Source: Washington Post
By: Ernesto LondoƱo and Susan Kinzie
BAGHDAD — It makes for a strange college campus: Cement blast walls, helicopters roaring overhead, packs of wild dogs howling, the risk of mortar and rocket attacks. Faculty keep Kevlar flak jackets at the ready. Students bring their rifles to class and leave them on the floor with the barrel pointing toward the front of the room.

Stacey Tate, outside the education center at Camp Victory, opened the University of Maryland University College program in Baghdad in November.
In November, University of Maryland University College became the first U.S. college to begin offering classes on the ground in Iraq, soon joined by a school from Texas. It is a reflection of the greater stability in Iraq, as violence has dropped, and of the number of American troops leaving small urban outposts for large bases where the courses are taught.
The classes, for service members only, offer students a sense of normalcy, a place where a professor calls them by their first name, where classmates debate ideas openly, where academic discussions often encompass the lives they lead in Iraq.
On a recent Sunday morning, several soldiers carrying rifles and textbooks made their way to a theater built for Saddam Hussein. Inside, professor Lisa Brooks was teaching the sleep-deprived service members about sleep and dreams.
A voice on the Camp Victory loudspeaker interrupted: “Attention, please. There will be a controlled detonation in 10 minutes.”
Staff Sgt. Traci Williams had finished her 12-hour shift at 4 a.m., and the class started at 9 a.m. But she didn’t think twice about taking it; she wanted to learn about sleep because she has suffered from insomnia ever since a roadside bomb struck her convoy in Afghanistan in 2006. Other classes will teach soldiers about child psychology, at the request of some deployed parents, and about substance abuse.
UMUC, part of the public university system of Maryland, has been offering courses on military bases in Europe and Asia for more than 50 years. Faculty teach in Afghanistan and other potentially dangerous sites — professors have reported shots being fired at their helicopter in Afghanistan — but no one has ever been hurt, said Greg von Lehmen, acting provost for UMUC.

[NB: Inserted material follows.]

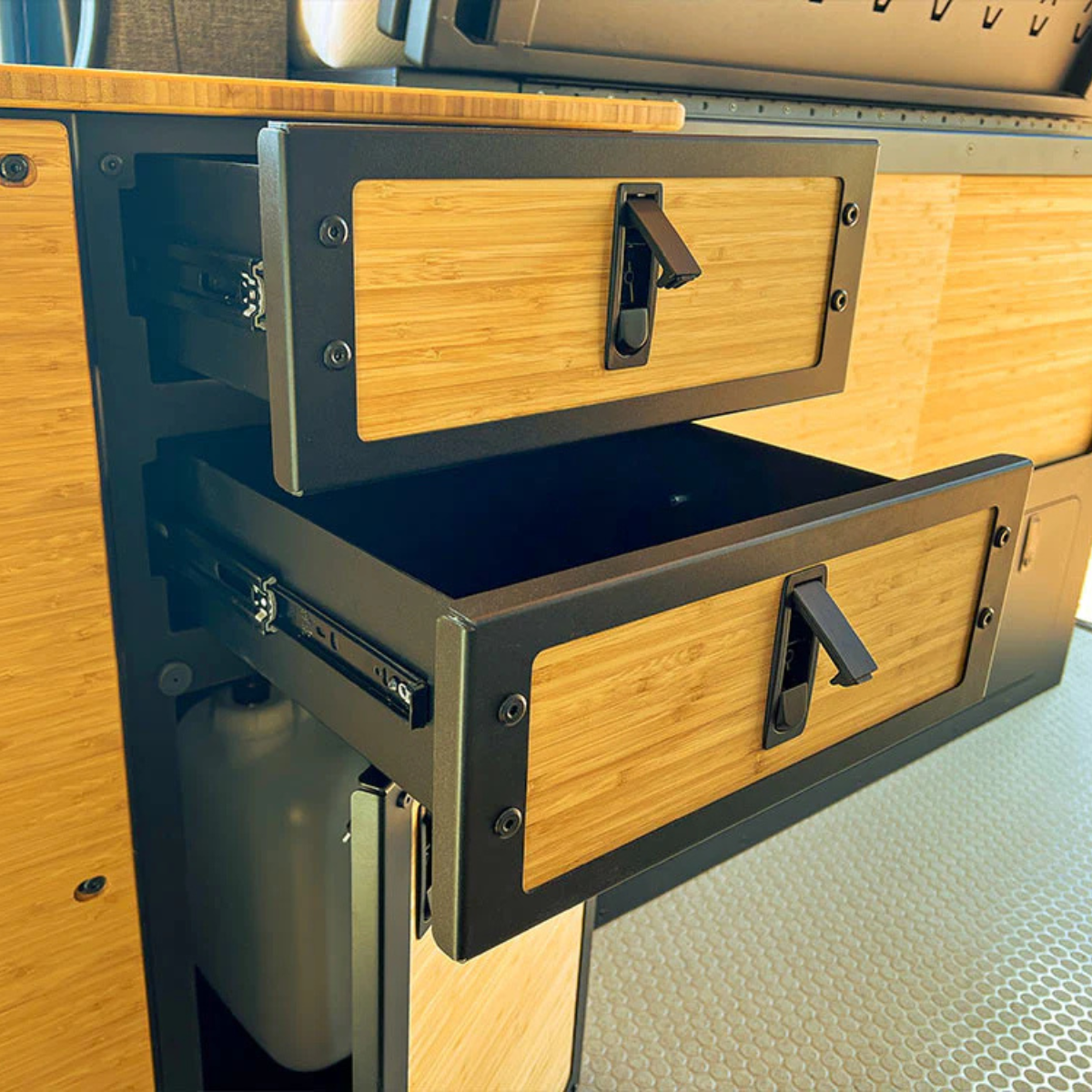 Installed Grub Drawer Cab with drawers open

In Iraq, seven UMUC professors and four staff members work at two locations, with about 300 students taking accelerated college classes such as American government, math, cultural anthropology and macroeconomics. Students can earn two-year, four-year and master’s degrees. The school is opening three other sites and plans to keep expanding during its five-year contract, von Lehmen said.
Even on a protected military base, college in a war zone has a makeshift, edgy feel. UMUC faculty teach wherever they can find space. At Victory, a network of bases near Baghdad International Airport that has served as the U.S. military’s nerve center in Iraq since 2003, classes have been held in a tent, the back of a chapel and a conference room built in Hussein’s former stable for camels and horses.

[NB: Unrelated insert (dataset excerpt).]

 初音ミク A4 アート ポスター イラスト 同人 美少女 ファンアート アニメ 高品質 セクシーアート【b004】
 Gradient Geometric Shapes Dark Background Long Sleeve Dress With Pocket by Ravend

Faculty live in temporary military housing, with a chilly walk outside to the bathrooms at night. They marvel over the remnants of Hussein’s regime, the palaces filled with chandeliers and artwork, the artificial lakes.
Despite the hardships, university officials said they had no trouble finding faculty to teach in Iraq. Some people volunteer for financial reasons. “You’re not paying for your room, for food, so you can pocket everything you make down here,” said Stacey Tate, a field representative, adding that she left her home at UMUC’s site in Heidelberg, Germany, for a change of pace and the challenge of launching a program from scratch. Brooks, an associate professor who grew up moving from place to place with her military family, said she liked the idea of helping service members.
As soon as they began unpacking, Brooks said, people stopped in to thank them and shake their hands.
Service members, many of whom had been taking online courses while deployed, were delighted to learn they could attend classes with live professors, said Staff Sgt. Jimmy Labas, 28. The Army pays tuition for its deployed soldiers. “It’s a great opportunity,” he said. “It helps their morale, and it helps them get ahead.”
At 48, Williams is just a few credits away from becoming a college graduate, the first in her family. “I never in my life thought I’d say I have a degree,” she said during a break from class. “Now I’m this close.”
Scheduling is hard. Most service members work 12-hour days and six- or seven-day weeks. Classes are often held in the evenings, after dinner, or on a weekend day, and soldiers typically take one course at a time.
Brooks said she sometimes arranges to meet with students outside class, to make up for lessons they missed while on a mission. She said she finds the students to be extremely motivated, grateful for the opportunity despite their exhaustion.
And they never offer the standard “dog ate my homework” line. Instead, she said, it’s “I’m late because the Humvee flipped over and I was getting shot at.”
While the instructors stay on base, protected by elaborate security, they know the students are going “outside the wire” all the time, into much more dangerous areas. When she taught in Afghanistan, Brooks said, the base next to the Pakistani border was hit by rockets several times, and as a volunteer at the hospital there, she saw soldiers coming in on stretchers.
“It makes it pretty real,” she said. “I’m always so glad when their smiling faces come through the door, even if they don’t have their homework done.”